Die Chicago Bears 2017: Es ist nicht alles schlecht!
So könnte die Run-Zahl auf die Saison betrachtet durchaus um 40 bis 50 steigern, was den Wunsch nach einem zweiten Stark Back neben Ingram erklärt. In welcher Hackordnung genau das stattfindet, bleibt abzuwarten, auch wenn erste Medien Peterson bereits als Starter listen. Das könnte sich jedoch schnell auf eine 2-Down-Rolle beschränken, denn Petersons Schwächen im Passing Game - sowohl als Receiver als auch als Pass-Blocker - sind kein Geheimnis.
Da ändert es auch nichts, dass Peterson im Training in der Vorwoche intensiv bei den Passing-Übungen eingebaut wurde und Head Coach Sean Payton lobte, Peterson habe sich wohlgefühlt und "die Protections verstanden". Auffällig war dabei eher die Tatsache, dass der Routinier so früh in der Saisonvorbereitung bereits mit dem Team arbeitet. Bei den Vikings hat er zu diesem Zeitpunkt häufig noch alleine trainiert. Den gelegentlichen Pass wird Peterson schon bekommen, seine Kernkompetenz wird dieser Aspekt des Spiels aber wohl kaum noch werden.
Hier kommt Alvin Kamara ins Spiel. Die Saints gingen via Trade teuer hoch, um sich den Running Back im Draft als dritte Option neben Ingram und Peterson zu schnappen, und sein College-Tape zeigt klar: Kamara kann problemlos als Pass-Catching-Back früh eine Rolle einnehmen. Im College wurde er regelmäßig als Receiver aufgestellt, hatte enorm viele Forced Missed Tackles (23 bei 40 Receptions; insgesamt 90 bei 284 Touches über die letzten beiden Jahre) und glänzt mit seiner Mischung aus Beweglichkeit und Explosivität.

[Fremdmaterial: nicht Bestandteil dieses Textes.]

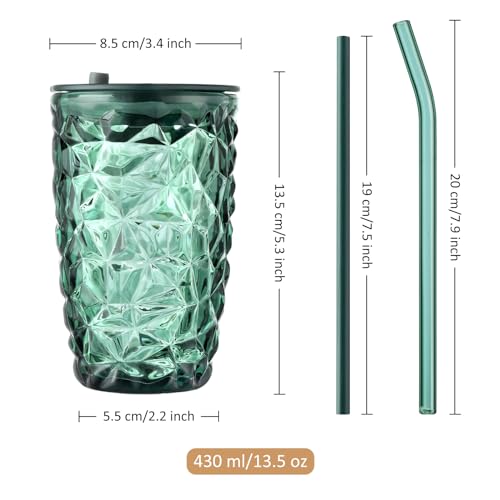 Joeyan 430ml Glass Tumbler with Straw and Lid Set of 2, Green Crystal Ribbed Glass Cup Drinking Glasses for Iced Coffee Smoothie Juice Beverages, Portable Drinking Jar, Dishwasher Safe - Image 6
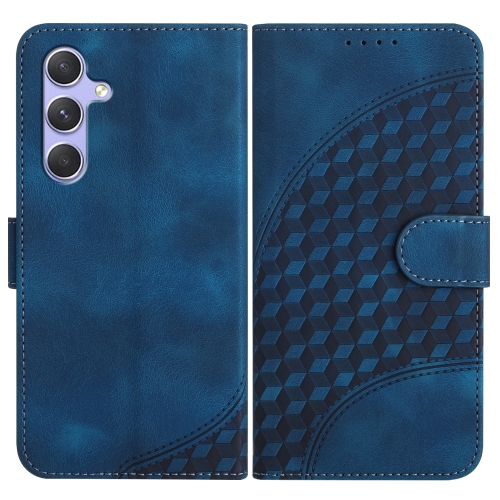 

For Samsung Galaxy A54 5G YX0060 Elephant Head Embossed Phone Leather Case with Lanyard(Royal Blue)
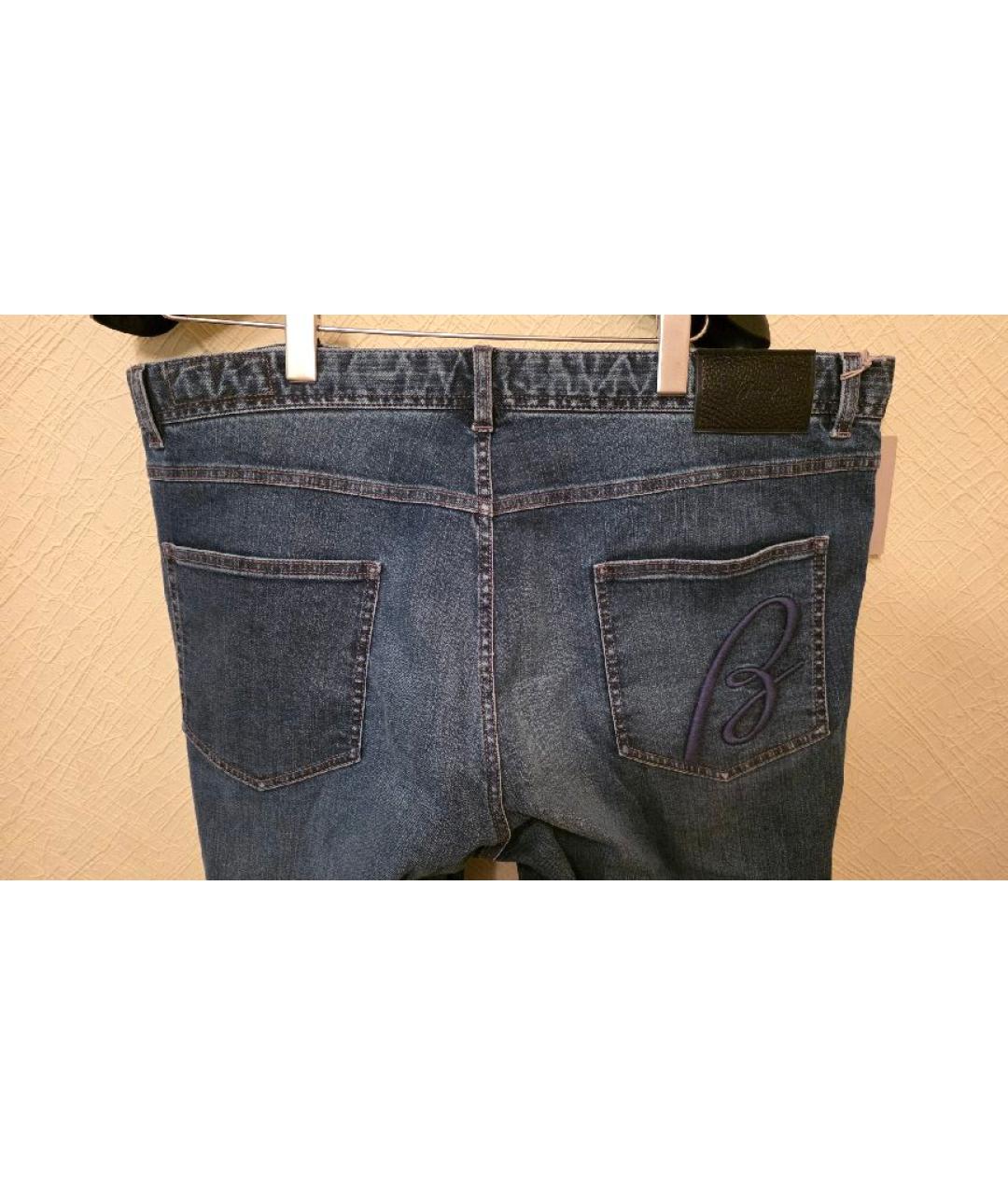BRIONI Темно-синие хлопко-кашемировые прямые джинсы, фото 3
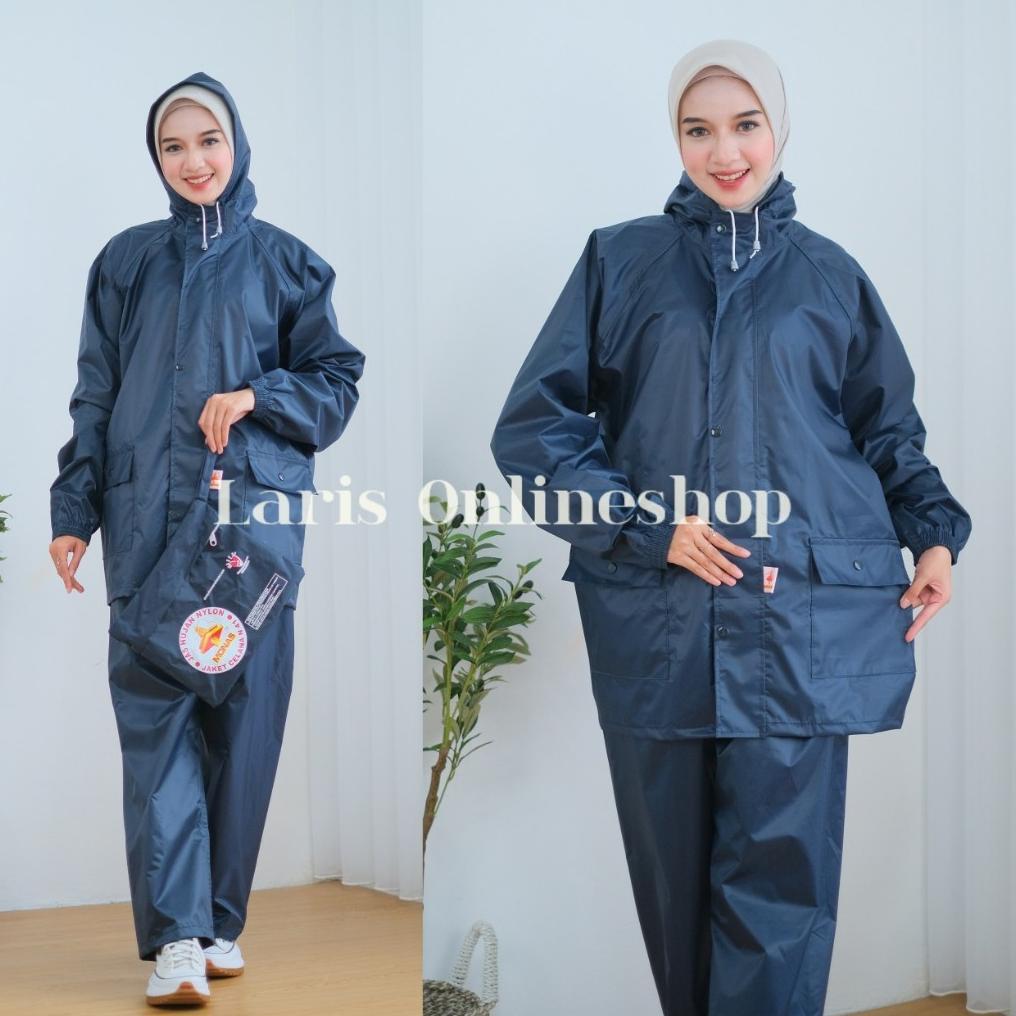 Jas Hujan Monas Jaket Celana Bahan Nylon Jahit Dan Press / Jas Hujan Monas Ukuran Jumbo Original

Brees: "Mit Wut und Leidenschaft laufen"
Ein zusätzlicher Aspekt, sollten die Saints mit einem intensiveren Run Game planen, könnte die eigene, seit Jahren problematische Defense betreffen - in gewisser Weise der "Cowboys-Effekt": Durch ein qualitativ und quantitativ besseres Run Game könnte New Orleans die Uhr und somit den Rhythmus des Spiels besser kontrollieren. Das sorgt dafür, dass die eigene Defense weniger Zeit auf dem Feld verbringt und der Druck auf die gegnerische Offense gleichzeitig erhöht werden kann.
Klar ist in jedem Fall: Man darf auch 2017 gespannt sein, wie ein gemeinsames Brees-Peterson-Backfield aussehen wird und was den Saints mit Blick auf das Scheme so einfällt. Das trifft umso mehr zu, falls Center Max Unger tatsächlich den Saisonstart verletzungsbedingt verpasst.
Brees jedenfalls stellte in der Times-Picayune bereits, angesprochen auf Ingram und Peterson, klar: "Ich denke, beide Jungs werden mit etwas mehr Wut und Leidenschaft laufen, und genau das willst du sehen. Ich glaube, so wie die Liga heute ist, ist es fast unmöglich, mit nur einem Running Back durch die Saison zu gehen. Du brauchst zwei Backs, die als Gespann funktionieren."